[Cite as Ashtabula Cty. Bd. of Health v. Soltis, 2016-Ohio-8423.]
IN THE COURT OF APPEALS
ELEVENTH APPELLATE DISTRICT
ASHTABULA COUNTY, OHIO
BOARD OF HEALTH FOR THE : OPINION
ASHTABULA COUNTY GENERAL
HEALTH DISTRICT, :
CASE NO. 2016-A-0032
Plaintiff-Appellant, :
- vs - :
JACK SOLTIS, et al., :
Defendants-Appellees. :
Civil Appeal from the Ashtabula County Court of Common Pleas, Case No. 2015 CV
0089.
Judgment: Affirmed.
Nicholas A. Iarocci, Ashtabula County Prosecutor, and Catherine R. Colgan, Assistant
Prosecutor, Ashtabula County Courthouse, 25 West Jefferson Street, Jefferson, OH
44047-1092 (For Plaintiff-Appellant).
William P. Bobulsky, William P. Bobulsky Co., L.P.A., 1612 East Prospect Road,
Ashtabula, OH 44004 (For Defendants-Appellees).

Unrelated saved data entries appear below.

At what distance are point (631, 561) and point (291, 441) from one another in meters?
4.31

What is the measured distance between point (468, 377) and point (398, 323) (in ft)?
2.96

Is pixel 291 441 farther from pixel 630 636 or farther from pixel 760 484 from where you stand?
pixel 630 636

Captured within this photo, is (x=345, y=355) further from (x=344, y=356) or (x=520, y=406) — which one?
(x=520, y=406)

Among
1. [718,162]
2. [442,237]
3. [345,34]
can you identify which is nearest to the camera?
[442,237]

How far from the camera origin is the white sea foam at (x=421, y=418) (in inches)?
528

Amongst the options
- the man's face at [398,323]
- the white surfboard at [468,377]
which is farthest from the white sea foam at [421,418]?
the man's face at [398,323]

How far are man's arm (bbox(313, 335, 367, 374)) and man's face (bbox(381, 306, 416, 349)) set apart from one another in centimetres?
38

CYNTHIA WESTCOTT RICE, P.J.
{¶1} Appellant, Board of Health for the Ashtabula County General Health
District (“the District”), appeals the judgment of the Ashtabula County Court of Common
Pleas, following a bench trial, in favor of appellees, Jack Soltis and his late wife Carol
Soltis, on the District’s complaint for injunctive relief and abatement of nuisance. At
issue is whether Mr. Soltis is in violation of Ohio regulations by using a garage on his
property as a dwelling without an approved household sewage disposal system,
approved plumbing, or an approved private water system. For the reasons that follow,
we affirm.
{¶2} On February 12, 2015, the District filed a complaint for injunctive relief and
abatement of nuisance against appellees. The District alleged that appellees own a
parcel of property in North Kingsville, Ohio on which they have built a garage that is
being used as a dwelling with a home sewage system, water, and plumbing, none of
which were approved by the District. The District alleged these failures violate OAC
3701-29-17(B) (requiring an approved household sewage system); Section 313 of the
Ohio Plumbing Code (requiring an approved plumbing system); and OAC 3701-28-
03(A) (requiring a permit for a private water system). The District further alleged that by
failing to comply with these regulations, appellees had violated a valid order issued by
the District requiring them to comply with these requirements. The District prayed for an
injunction requiring appellees (1) to comply with the foregoing order and (2) to abate a
nuisance on appellees’ property.
{¶3} Appellees filed an answer, denying the material allegations of the
complaint. The case went to trial before the court.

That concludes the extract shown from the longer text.